> _What the task requires_
Exactly as written, print every line of the listing below and omit its pictures.

> _Information provided_
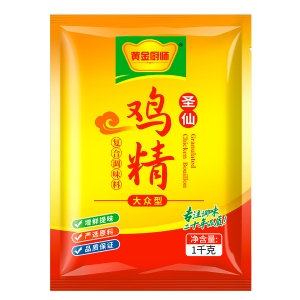 圣仙鸡味调味料1kg
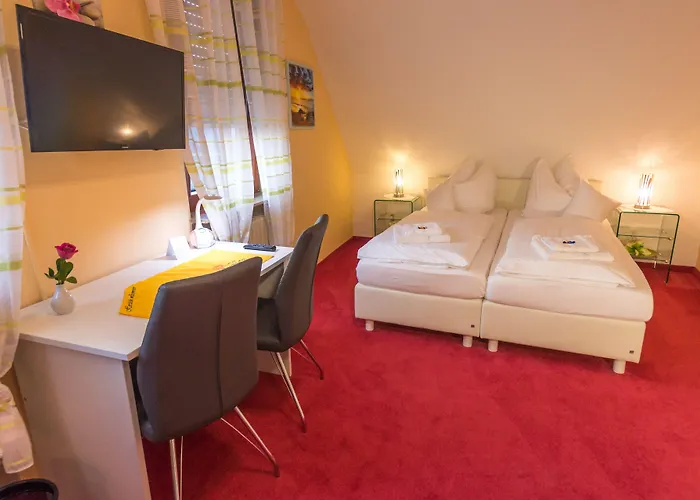 Szálloda Rosengarten 3*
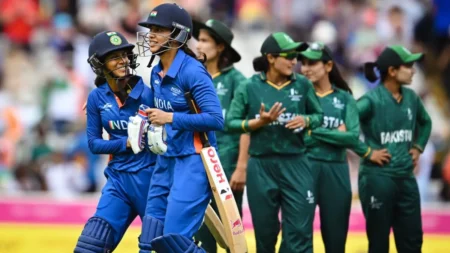 Womens T20 World Cup 2026: इंडिया बनाम पाकिस्तान विमेंस मैच फ्री में लाइव कहां देखें?. Womens T20 World Cup 2026: इंडिया बनाम पाकिस्तान विमेंस मैच फ्री में लाइव कहां देखें?.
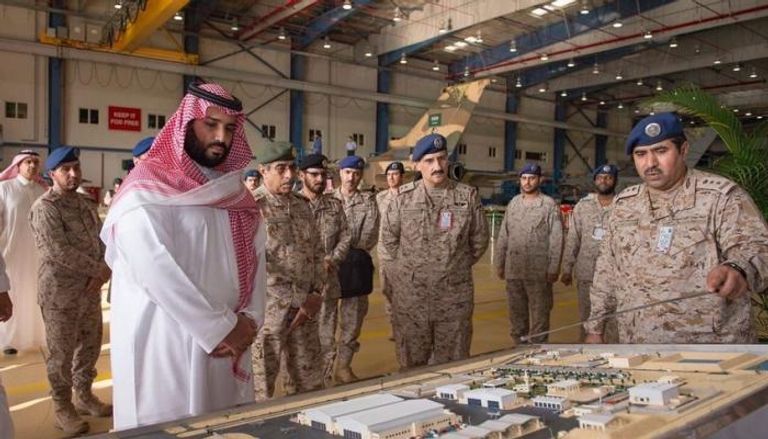 السعودية تطور أسطول طائرات تورنيدو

> _Result below_
 圣仙鸡味调味料1kg
 Szálloda Rosengarten 3*
 Womens T20 World Cup 2026: इंडिया बनाम पाकिस्तान विमेंस मैच फ्री में लाइव कहां देखें?. Womens T20 World Cup 2026: इंडिया बनाम पाकिस्तान विमेंस मैच फ्री में लाइव कहां देखें?.
 السعودية تطور أسطول طائرات تورنيدو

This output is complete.